PROBLEM TO SOLVE = A verbatim reproduction of the lines below, from the line containing "Color flow Doppler" through the line containing "Acne My Friends", both ends included, is the whole required output.

RECORDS FOR PROCESSING =
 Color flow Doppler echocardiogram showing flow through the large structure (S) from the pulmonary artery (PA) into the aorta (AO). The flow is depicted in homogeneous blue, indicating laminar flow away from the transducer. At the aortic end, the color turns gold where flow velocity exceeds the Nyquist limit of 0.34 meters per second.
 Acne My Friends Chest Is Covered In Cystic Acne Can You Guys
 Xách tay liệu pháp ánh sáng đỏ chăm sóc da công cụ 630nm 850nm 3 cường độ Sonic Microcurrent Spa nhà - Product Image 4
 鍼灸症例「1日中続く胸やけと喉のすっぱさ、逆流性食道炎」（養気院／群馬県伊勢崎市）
--
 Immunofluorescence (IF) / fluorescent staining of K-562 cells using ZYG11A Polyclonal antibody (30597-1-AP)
* * *
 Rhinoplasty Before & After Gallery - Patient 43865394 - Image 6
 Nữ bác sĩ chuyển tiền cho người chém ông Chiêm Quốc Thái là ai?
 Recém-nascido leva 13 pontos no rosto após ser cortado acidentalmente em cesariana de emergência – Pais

RESPONSE TO THE TASK =
 Color flow Doppler echocardiogram showing flow through the large structure (S) from the pulmonary artery (PA) into the aorta (AO). The flow is depicted in homogeneous blue, indicating laminar flow away from the transducer. At the aortic end, the color turns gold where flow velocity exceeds the Nyquist limit of 0.34 meters per second.
 Acne My Friends Chest Is Covered In Cystic Acne Can You Guys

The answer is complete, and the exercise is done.